**Short text fragments from websites:**
▼▼▼
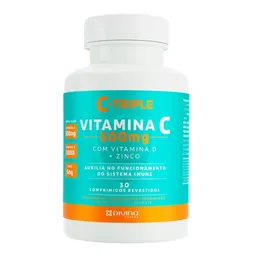 Complemento Alimentar C-Triple Vitamina C 500mg + D + Zinco 30 Comprimidos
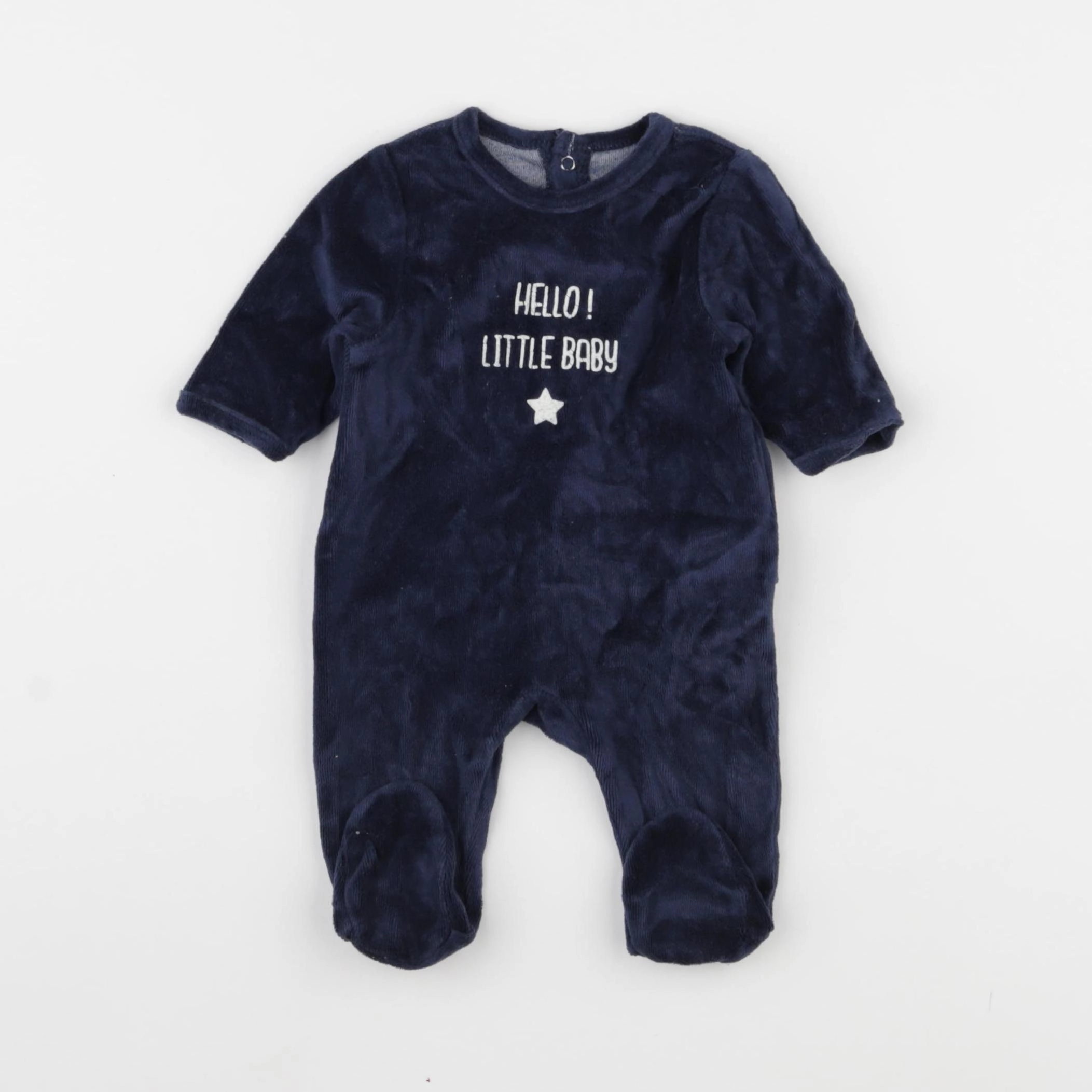 Vertbaudet - pyjama velours bleu - 1 mois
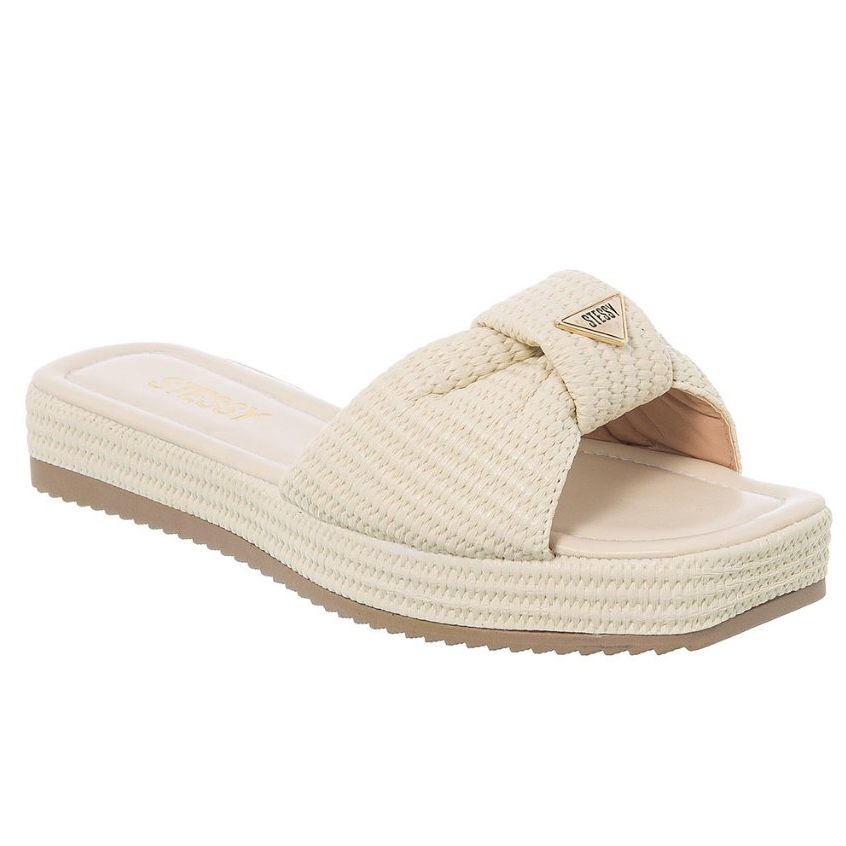 Sandália Feminina Tamanco Flat Plataforma Flatform Confortável Chinelo Juta Det Stessy Leve Moda em Oferta na Shopee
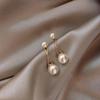 Cross Imitation Pearl Female Elegant Earrings Simple Temperament Korean Fashion Sweet Delicate Earrings Bride Wedding Jewelry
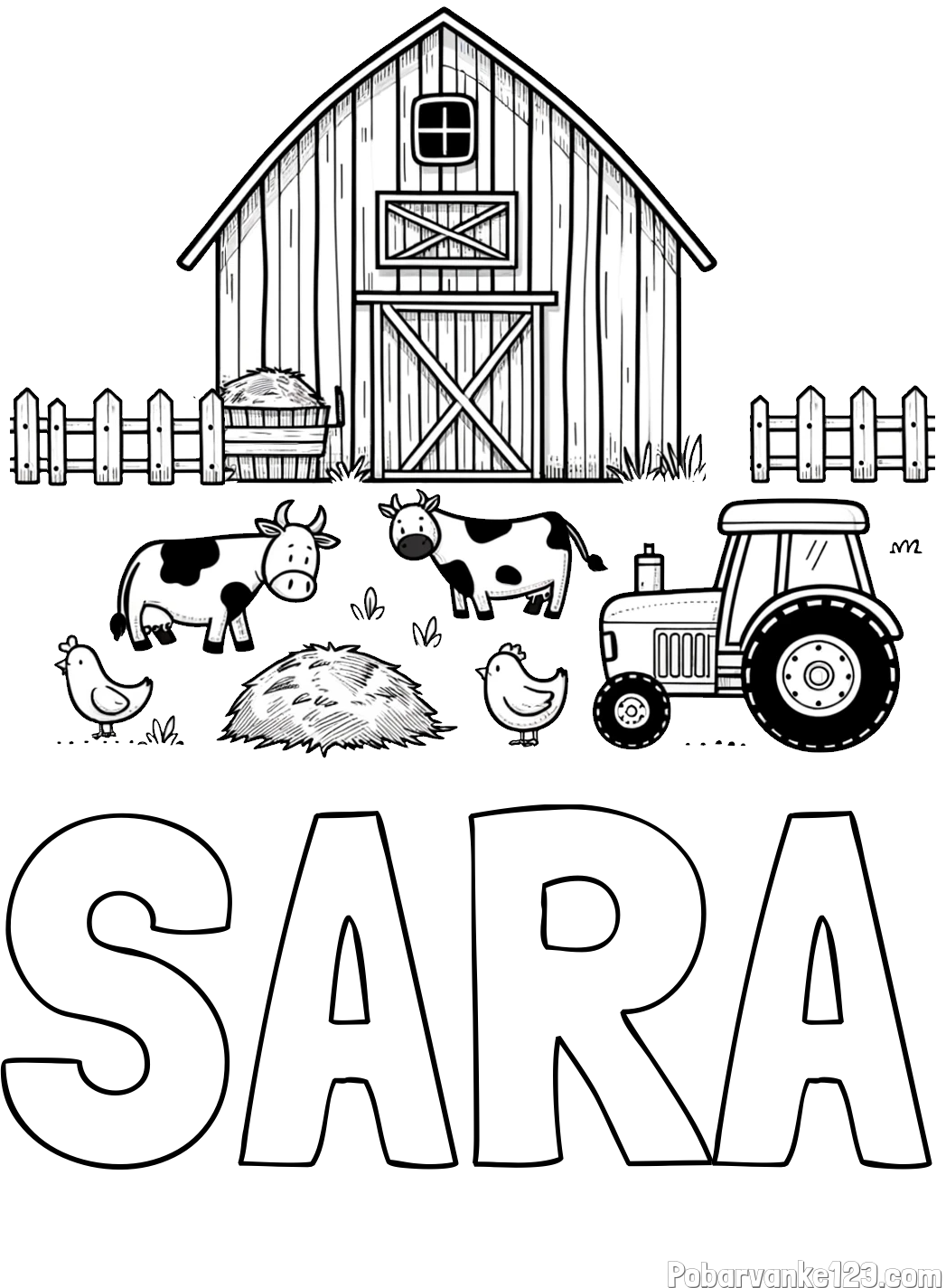 Pobarvanka imena SARA in otroška pobarvanka velikega senika, krav in traktorja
▲▲▲
**WHAT TO WORK ON:**
In the copy, leave out all pictures, and retype exactly each line from the one with "Vertbaudet - pyjama velours bleu - 1 mois" through the last line of the entries.

**TASK RESULT:**
 Vertbaudet - pyjama velours bleu - 1 mois
 Sandália Feminina Tamanco Flat Plataforma Flatform Confortável Chinelo Juta Det Stessy Leve Moda em Oferta na Shopee
 Cross Imitation Pearl Female Elegant Earrings Simple Temperament Korean Fashion Sweet Delicate Earrings Bride Wedding Jewelry
 Pobarvanka imena SARA in otroška pobarvanka velikega senika, krav in traktorja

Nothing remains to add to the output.